La distribución de la riqueza trasciende el ámbito académico; configura fundamentalmente la vitalidad social y económica. Las sociedades con una riqueza altamente concentrada corren el riesgo de cristalizarse en sistemas de dos niveles donde las minorías privilegiadas gozan de ventajas en salud, educación e influencia política, mientras que las mayorías luchan con perspectivas disminuidas. Por lo tanto, comprender estas disparidades se vuelve esencial para construir un futuro europeo más equitativo y resiliente.

Los que tienen y los que no tienen.

La brecha de riqueza en Europa revela profundas divisiones continentales que desafían las ideas preconcebidas sobre prosperidad e igualdad. Según los últimos datos de 2021 (Figura 1), Alemania, España e Irlanda presentan la mayor concentración de riqueza, con un índice de Gini en Alemania que alcanza la cifra extraordinaria de 72,6. Eslovaquia, Polonia y Chequia, por el contrario, mantienen las distribuciones de riqueza más equitativas del continente.

Estas cifras eclipsan las medidas de desigualdad de ingresos, que suelen oscilar entre valores de Gini de 20 a 38 en todo el bloque.
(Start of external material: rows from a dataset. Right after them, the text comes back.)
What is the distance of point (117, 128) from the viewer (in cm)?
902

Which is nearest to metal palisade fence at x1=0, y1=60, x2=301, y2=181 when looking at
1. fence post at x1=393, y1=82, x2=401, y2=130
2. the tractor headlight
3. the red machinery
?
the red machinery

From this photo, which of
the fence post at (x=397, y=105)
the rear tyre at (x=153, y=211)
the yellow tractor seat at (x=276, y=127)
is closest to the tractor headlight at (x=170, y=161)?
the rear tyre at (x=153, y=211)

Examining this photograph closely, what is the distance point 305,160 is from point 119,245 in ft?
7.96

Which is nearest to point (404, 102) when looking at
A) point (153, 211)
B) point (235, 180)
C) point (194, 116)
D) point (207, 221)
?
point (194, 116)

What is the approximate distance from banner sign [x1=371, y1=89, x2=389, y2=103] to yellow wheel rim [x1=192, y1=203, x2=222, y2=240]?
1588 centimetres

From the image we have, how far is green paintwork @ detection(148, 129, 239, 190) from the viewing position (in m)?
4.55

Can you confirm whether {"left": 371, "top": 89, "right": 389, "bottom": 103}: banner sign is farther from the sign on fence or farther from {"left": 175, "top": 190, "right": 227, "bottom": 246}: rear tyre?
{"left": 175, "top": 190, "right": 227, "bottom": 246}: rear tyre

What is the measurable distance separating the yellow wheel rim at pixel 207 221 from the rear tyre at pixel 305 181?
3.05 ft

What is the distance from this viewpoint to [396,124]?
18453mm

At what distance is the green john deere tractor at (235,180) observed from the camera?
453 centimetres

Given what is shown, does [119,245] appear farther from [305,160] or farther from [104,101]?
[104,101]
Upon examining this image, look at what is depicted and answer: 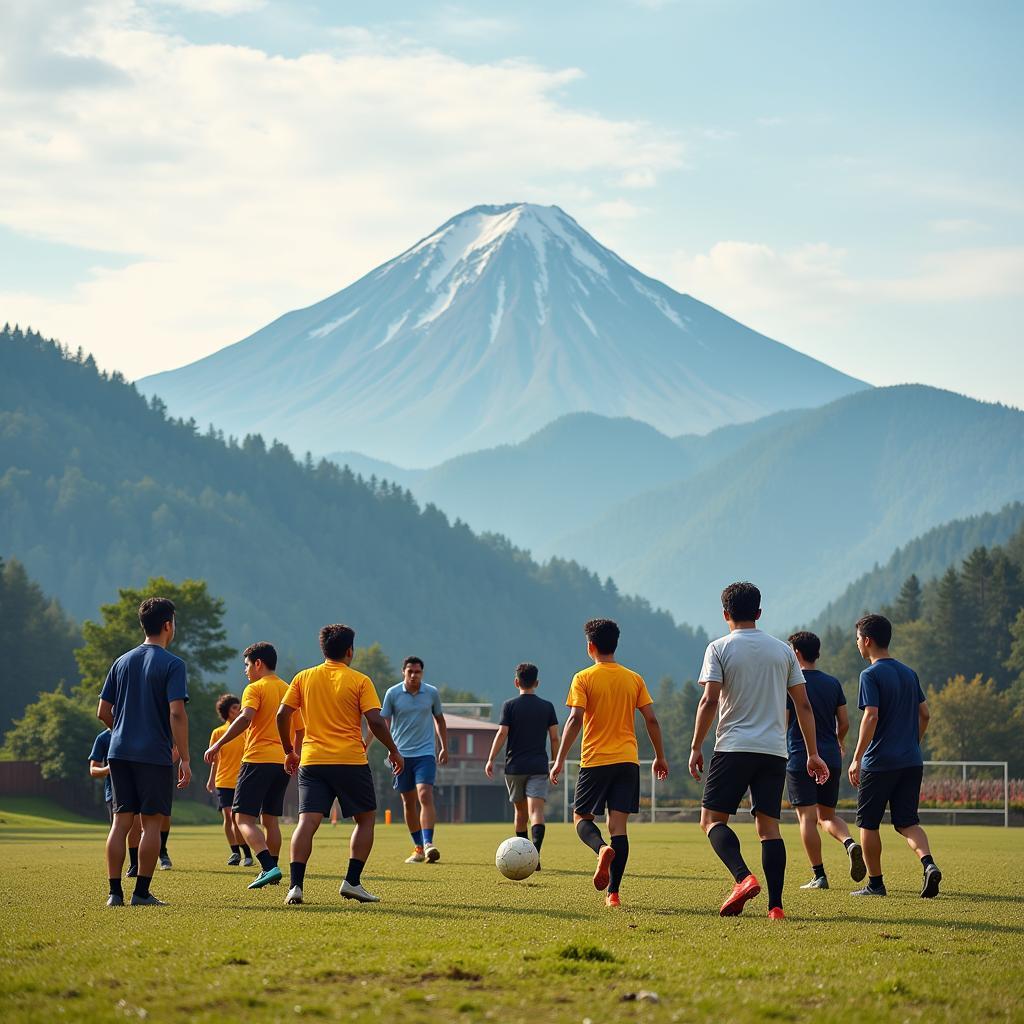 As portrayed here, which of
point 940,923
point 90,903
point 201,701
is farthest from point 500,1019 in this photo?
point 201,701

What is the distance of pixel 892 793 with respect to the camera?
1328cm

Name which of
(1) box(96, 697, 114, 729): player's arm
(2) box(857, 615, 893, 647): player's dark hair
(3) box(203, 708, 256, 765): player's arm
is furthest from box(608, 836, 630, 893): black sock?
(1) box(96, 697, 114, 729): player's arm

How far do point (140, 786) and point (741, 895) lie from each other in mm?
4380

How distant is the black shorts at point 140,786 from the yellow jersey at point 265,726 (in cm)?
267

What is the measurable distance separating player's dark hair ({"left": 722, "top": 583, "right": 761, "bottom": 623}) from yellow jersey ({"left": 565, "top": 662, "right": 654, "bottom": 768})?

Esta disparidad subraya una realidad crucial que suele estar ausente del discurso público: la concentración de la riqueza supera con creces la concentración de los ingresos, creando desequilibrios de poder que las estadísticas de ingresos por sí solas no pueden captar.

La concentración revela extremos preocupantes. En Estonia, España y Alemania, el cinco por ciento más rico controla más del 40 por ciento de la riqueza nacional. La mitad inferior de la población alemana posee en conjunto solo el cuatro por ciento de la riqueza total, una cifra que debería hacer reflexionar a cualquiera preocupado por la participación democrática y la movilidad social. Incluso Eslovaquia, la nación más igualitaria del estudio, ve a su mitad más pobre controlando solo el 17% de la riqueza nacional. Estas estadísticas representan algo más que una desigualdad abstracta; encarnan desequilibrios fundamentales en el poder económico y en las oportunidades de vida.

Más allá del trío más desigual, los diez primeros puestos están ocupados principalmente por países de la UE-15: Francia, Austria, Países Bajos, Finlandia, Italia y Luxemburgo, con Estonia como única excepción. El resto de los diez países más igualitarios también se concentran en Europa central y oriental o en el Mediterráneo: Malta, Grecia, Eslovenia, Lituania, Hungría, Croacia y Chipre. Este patrón geográfico podría sugerir que factores históricos e institucionales condicionan la distribución de la riqueza, pero surge una paradoja. Los países caracterizados por una alta desigualdad de riqueza suelen poseer la mayor riqueza absoluta, mientras que las naciones más igualitarias tienden a tener niveles de riqueza general más bajos. Esta correlación plantea preguntas incómodas sobre si la prosperidad inevitablemente genera desigualdad.

Trayectorias Divergentes

La evolución de la desigualdad de la riqueza entre 2010 y 2021 desafía las narrativas simplistas. La desigualdad aumentó en nueve países mientras que disminuyó en trece, lo que dibuja un panorama complejo de fortunas cambiantes en todo el continente. España, Finlandia y Estonia experimentaron aumentos significativos y sostenidos durante todo el período. Mientras tanto, Eslovenia e Italia experimentaron aumentos repentinos y pronunciados que transformaron sus panoramas de desigualdad en un corto período de tiempo.

Entre las naciones donde la desigualdad disminuyó, la tendencia a menudo reflejó una mejora sostenida. Letonia, Irlanda, Austria, Alemania y Luxemburgo —varios de los cuales se encontraban entre los países más desiguales de Europa al comienzo del período— experimentaron reducciones constantes. Este patrón sugiere una convergencia tentativa, ya que los países con gran desigualdad vieron cómo se reducían las disparidades, mientras que algunas naciones igualitarias, como Eslovenia, Grecia y Eslovaquia, experimentaron brechas crecientes.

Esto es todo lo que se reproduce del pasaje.